In Cash v Secretary of State for Communities and Local Government [2012] EWHC 2908 (Admin) the appellant appealed to the High Court under section 289 of the Act against the decision of an inspector upholding two enforcement notices. The notices essentially alleged breaches of planning control by the change of the use of open land to use as a site for stationing mobile homes for human habitation. These had been let on six-month leases. One of the appellant’s grounds of appeal to the High Court was that the inspector’s approach to the service of the second of the two notices was flawed. On the evidence given, while the appellant had been properly served there was doubt as to whether the occupiers of the mobile homes had also been properly served.


The court found that the occupiers of the mobile homes had not been properly served with copies of the second enforcement notice. The judge then went on to consider whether the inspector had been entitled to conclude at the inquiry, as he did, that no substantial prejudice had been caused. He ruled that the inspector had been so entitled. There was ample evidence before him that no substantial prejudice had been suffered.

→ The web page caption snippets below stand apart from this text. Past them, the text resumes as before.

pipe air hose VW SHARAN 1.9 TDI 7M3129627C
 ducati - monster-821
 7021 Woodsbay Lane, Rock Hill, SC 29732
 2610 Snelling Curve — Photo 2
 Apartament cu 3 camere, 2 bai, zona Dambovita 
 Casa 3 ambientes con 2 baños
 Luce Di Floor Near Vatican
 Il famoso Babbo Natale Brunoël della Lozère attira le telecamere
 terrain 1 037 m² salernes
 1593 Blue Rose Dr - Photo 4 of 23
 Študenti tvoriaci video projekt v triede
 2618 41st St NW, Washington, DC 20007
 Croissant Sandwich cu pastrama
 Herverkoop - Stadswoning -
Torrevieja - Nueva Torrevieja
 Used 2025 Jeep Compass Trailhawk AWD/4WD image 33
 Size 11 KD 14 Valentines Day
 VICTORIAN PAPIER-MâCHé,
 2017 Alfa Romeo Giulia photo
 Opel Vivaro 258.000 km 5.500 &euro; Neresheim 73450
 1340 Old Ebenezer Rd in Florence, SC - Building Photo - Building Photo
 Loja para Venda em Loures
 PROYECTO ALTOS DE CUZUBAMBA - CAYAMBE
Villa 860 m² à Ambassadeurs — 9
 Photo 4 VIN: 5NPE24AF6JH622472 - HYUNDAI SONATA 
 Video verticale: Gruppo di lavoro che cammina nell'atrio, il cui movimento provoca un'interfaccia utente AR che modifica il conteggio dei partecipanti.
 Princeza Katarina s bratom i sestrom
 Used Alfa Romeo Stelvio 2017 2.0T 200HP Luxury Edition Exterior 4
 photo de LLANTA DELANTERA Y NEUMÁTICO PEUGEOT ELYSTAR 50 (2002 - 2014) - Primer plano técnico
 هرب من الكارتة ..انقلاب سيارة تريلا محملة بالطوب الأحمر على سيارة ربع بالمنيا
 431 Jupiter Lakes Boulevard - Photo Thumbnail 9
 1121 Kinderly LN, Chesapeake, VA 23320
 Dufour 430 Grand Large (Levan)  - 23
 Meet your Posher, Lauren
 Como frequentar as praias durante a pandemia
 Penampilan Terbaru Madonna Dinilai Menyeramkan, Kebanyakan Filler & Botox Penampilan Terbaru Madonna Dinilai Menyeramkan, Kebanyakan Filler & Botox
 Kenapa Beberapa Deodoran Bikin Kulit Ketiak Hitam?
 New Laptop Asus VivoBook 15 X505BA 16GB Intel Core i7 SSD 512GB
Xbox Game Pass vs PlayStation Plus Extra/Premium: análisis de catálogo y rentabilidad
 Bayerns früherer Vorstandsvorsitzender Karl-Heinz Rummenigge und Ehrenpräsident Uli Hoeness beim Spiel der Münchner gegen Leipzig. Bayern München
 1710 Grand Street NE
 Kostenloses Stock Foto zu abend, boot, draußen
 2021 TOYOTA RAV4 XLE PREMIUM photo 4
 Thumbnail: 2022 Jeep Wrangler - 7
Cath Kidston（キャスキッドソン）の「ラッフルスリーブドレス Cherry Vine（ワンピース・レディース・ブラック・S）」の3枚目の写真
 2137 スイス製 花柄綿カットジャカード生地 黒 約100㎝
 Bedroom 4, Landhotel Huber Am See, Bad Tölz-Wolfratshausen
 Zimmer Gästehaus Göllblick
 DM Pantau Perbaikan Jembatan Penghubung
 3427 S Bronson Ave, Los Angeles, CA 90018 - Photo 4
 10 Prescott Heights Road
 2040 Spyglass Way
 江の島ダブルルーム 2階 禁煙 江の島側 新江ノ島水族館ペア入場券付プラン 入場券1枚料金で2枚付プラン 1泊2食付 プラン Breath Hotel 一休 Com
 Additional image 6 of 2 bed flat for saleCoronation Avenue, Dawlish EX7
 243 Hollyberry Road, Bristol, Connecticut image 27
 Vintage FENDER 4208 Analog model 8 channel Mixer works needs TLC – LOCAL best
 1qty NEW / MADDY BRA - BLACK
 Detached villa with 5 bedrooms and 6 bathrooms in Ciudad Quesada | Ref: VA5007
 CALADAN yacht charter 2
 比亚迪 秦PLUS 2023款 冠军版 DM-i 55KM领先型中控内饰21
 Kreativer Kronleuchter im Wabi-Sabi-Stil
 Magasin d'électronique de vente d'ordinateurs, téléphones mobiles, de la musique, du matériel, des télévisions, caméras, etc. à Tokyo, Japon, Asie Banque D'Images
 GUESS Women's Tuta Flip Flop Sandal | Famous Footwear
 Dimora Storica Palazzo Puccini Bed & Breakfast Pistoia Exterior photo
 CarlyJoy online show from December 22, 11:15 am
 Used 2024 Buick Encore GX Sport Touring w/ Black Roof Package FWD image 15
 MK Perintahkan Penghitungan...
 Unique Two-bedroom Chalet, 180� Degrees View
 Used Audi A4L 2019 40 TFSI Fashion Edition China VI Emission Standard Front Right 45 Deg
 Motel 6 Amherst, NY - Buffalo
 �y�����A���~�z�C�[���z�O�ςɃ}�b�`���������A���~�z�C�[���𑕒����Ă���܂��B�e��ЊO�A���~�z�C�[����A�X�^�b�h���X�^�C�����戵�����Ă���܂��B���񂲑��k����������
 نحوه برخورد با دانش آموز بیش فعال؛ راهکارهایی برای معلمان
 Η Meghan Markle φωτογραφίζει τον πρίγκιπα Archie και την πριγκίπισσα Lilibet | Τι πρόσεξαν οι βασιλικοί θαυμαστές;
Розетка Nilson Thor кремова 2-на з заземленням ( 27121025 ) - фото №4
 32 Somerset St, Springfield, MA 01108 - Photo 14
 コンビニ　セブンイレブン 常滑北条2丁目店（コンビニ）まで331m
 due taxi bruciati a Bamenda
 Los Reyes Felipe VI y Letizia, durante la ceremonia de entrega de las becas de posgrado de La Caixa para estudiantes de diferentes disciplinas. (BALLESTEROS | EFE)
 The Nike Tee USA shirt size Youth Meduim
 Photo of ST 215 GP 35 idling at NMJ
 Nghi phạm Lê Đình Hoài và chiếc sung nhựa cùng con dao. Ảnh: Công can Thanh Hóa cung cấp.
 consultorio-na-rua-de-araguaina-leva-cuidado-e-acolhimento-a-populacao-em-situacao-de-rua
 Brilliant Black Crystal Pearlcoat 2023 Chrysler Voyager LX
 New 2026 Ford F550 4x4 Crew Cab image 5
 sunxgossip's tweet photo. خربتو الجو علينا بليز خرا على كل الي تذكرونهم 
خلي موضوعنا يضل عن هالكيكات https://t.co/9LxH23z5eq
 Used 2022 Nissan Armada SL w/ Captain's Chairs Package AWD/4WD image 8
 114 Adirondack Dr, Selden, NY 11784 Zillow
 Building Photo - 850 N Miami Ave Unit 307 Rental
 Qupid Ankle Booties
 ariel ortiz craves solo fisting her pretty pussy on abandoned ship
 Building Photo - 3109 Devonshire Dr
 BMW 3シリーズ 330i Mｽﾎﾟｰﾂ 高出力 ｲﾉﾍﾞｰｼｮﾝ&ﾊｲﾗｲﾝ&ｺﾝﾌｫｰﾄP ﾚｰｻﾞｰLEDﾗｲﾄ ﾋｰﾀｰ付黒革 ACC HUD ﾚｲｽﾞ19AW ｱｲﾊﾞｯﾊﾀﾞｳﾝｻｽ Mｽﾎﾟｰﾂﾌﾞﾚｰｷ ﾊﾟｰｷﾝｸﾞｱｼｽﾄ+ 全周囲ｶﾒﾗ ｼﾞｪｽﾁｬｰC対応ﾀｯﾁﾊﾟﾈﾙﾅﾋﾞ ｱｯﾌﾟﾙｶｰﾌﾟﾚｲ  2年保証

The appellant himself had acknowledged that all of the occupiers were aware that enforcement notices had been issued. The inquiry had been advertised as required by law. All of the occupiers who had wanted to attend had done so on the first day. Five were witnesses for the appellant, and the remainder were recognised by the inspector as interested parties and permitted to make representations. Finally, no occupier had come forward to complain, either directly or through the appellant, that he or she had suffered any prejudice by reason of the failure to serve the second enforcement notice effectively.